CPU times: total: 31.2 ms
Wall time: 63.2 ms


DataFrame[currency: string, txn_count: bigint, avg_len: double]

Execution time should be small.
Spark UI -> Jobs tab
Expect: no new job yet.


In [55]:
%%time

# Action triggers execution
pipeline.show()

+--------+---------+------------------+
|currency|txn_count|           avg_len|
+--------+---------+------------------+
|     USD|   899163|18.633907311577545|
+--------+---------+------------------+

CPU times: total: 0 ns
Wall time: 979 ms


Execution time will be higher.
Spark UI -> Jobs tab
Expect: a new job appears with multiple stages.

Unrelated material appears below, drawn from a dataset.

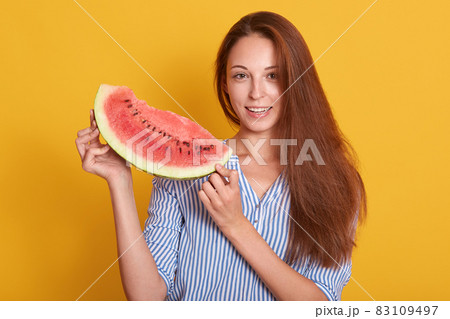 Photo of charming woman holding piece of watermelon in hands, looking directly at camera, wearing striped shirt, model posing isolated over yellow studio background. People and summertime concept. Photo of charming woman holding piece of watermelon in hands, looking directly at camera, wearing striped shirt, model posing isolated over yellow studio background. People and summertime concept. 83109497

NB: groupBy + agg shuffles once, and orderBy can use that already-partitioned output instead of reshuffling again.

## Topic 4 - Client Mode vs. Cluster Mode

### What you are running right now

**Client mode**

- The driver runs on your local machine (your Jupyter kernel process)
- Executors run on the cluster worker nodes
- Spark UI is exposed on your machine (http://localhost:4040)
- If you stop your notebook or kill the process, the job stops (driver dies)

Used for interactive work, notebooks, debugging.

**Cluster mode**

- The driver runs inside the cluster (on one of the nodes)
- Executors run on the cluster worker nodes 
- Spark UI is hosted on the driver node in the cluster
- The job continues even if your local machine disconnects

Used for production workloads and spark-submit jobs.

## Key Takeaways

**Job** - Created by each action. One `count()` / `show()` / `write` = one job.
**Stage** - A chunk of work between shuffle boundaries. N shuffles -> N+1 stages.
**Task** - Smallest unit of work - one task per partition per stage.
**Narrow transformation** - Partition-local (filter, select, map). Pipelined within a stage, no shuffle.
**Wide transformation** - Requires shuffle (groupBy, join, repartition). Creates a new stage.
**Lazy evaluation** - Transformations build a DAG. Only actions trigger execution. Enables whole-plan optimization.
**Client mode** - Driver on your machine. Use for notebooks / interactive work.
**Cluster mode** - Driver on a cluster node. Use for production `spark-submit` jobs.

Spark UI is the fastest way to understand what happened after an action:
- Jobs tab -> jobs and durations
- Stages tab -> stages per job, shuffle read/write
- Stage detail -> task count, duration spread, skew signals